Authors: Southan C, Boppana K, Jagarlapudi SA, Muresan S

Abstract: BACKGROUND: Since the classic Hopkins and Groom druggable genome review in 2002, there have been a number of publications updating both the hypothetical and successful human drug target statistics. However, listings of research targets that define the area between these two extremes are sparse because of the challenges of collating published information at the necessary scale. We have addressed this by interrogating databases, populated by expert curation, of bioactivity data extracted from patents and journal papers over the last 30 years.
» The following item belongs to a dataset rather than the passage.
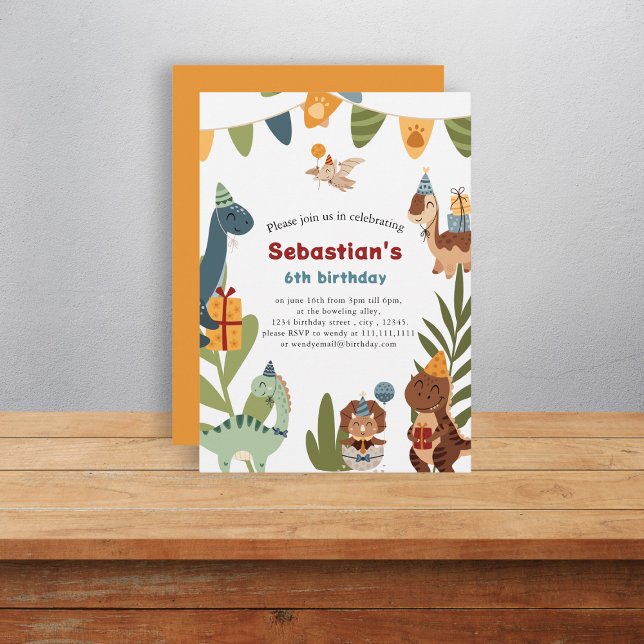 Cute dinosaur themed birthday Invitation (Creator Uploaded)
RESULTS: From a subset of just over 27,000 documents we have extracted a set of compound-to-target relationships for biochemical in vitro binding-type assay data for 1,736 human proteins and 1,654 gene identifiers. These are linked to 1,671,951 compound records derived from 823,179 unique chemical structures. The distribution showed a compounds-per-target average of 964 with a maximum of 42,869 (Factor Xa). The list includes non-targets, failed targets and cross-screening targets. The top-278 most actively pursued targets cover 90% of the compounds. We further investigated target ranking by determining the number of molecular frameworks and scaffolds. These were compared to the compound counts as alternative measures of chemical diversity on a per-target basis. CONCLUSIONS: The compounds-per-protein listing generated in this work (provided as a supplementary file) represents the major proportion of the human drug target landscape defined by published data. We supplemented the simple ranking by the number of compounds assayed with additional rankings by molecular topology. These showed significant differences and provide complementary assessments of chemical tractability.